JEE Mains · Physics · STD 11 - 6. system of particles and rotational motion
Two masses 400 g and 350 g are suspended from the ends of a light string passing over a heavy pulley of radius 2 cm . When released from rest the heavier mass is observed to fall 81 cm in 9 s . The rotational inertia of the pulley is _________ \(kg \cdot m ^2\).\(\left( g =9.8 m / s ^2\right)\)

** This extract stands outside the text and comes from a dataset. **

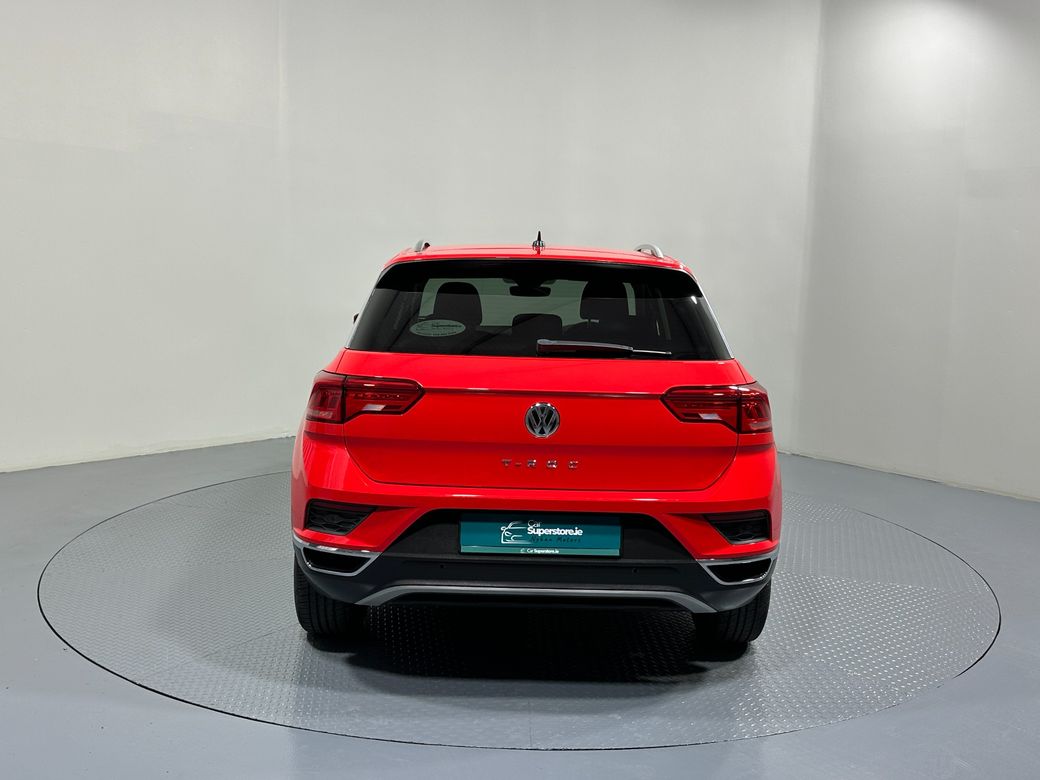 2020 Volkswagen T-Roc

- A \( 9.5\times10^{-3} \)
- B \( 4.75\times10^{-3} \)
- C \( 1.86\times10^{-2} \)
- D \( 8.3\times10^{-3} \)
Answer & Solution
Correct Answer
(A) \( 9.5\times10^{-3} \)
Step-by-step Solution
Detailed explanation
\(S=u t+\frac{1}{2} a t^2\) \(a =\frac{2 s}{ t ^2}=\frac{2 \times 0.81}{81}=0.02 m / s ^2\) \(m _1 g- T _1= m _1 a\) \(T _2- m _2 g= m _2 a\) \(\left( T _1- T _2\right) R = I \cdot \frac{ a }{ R }\) \(\therefore a=\frac{\left(m_1-m_2\right) g}{m_1+m_2+\frac{I}{R^2}}\)…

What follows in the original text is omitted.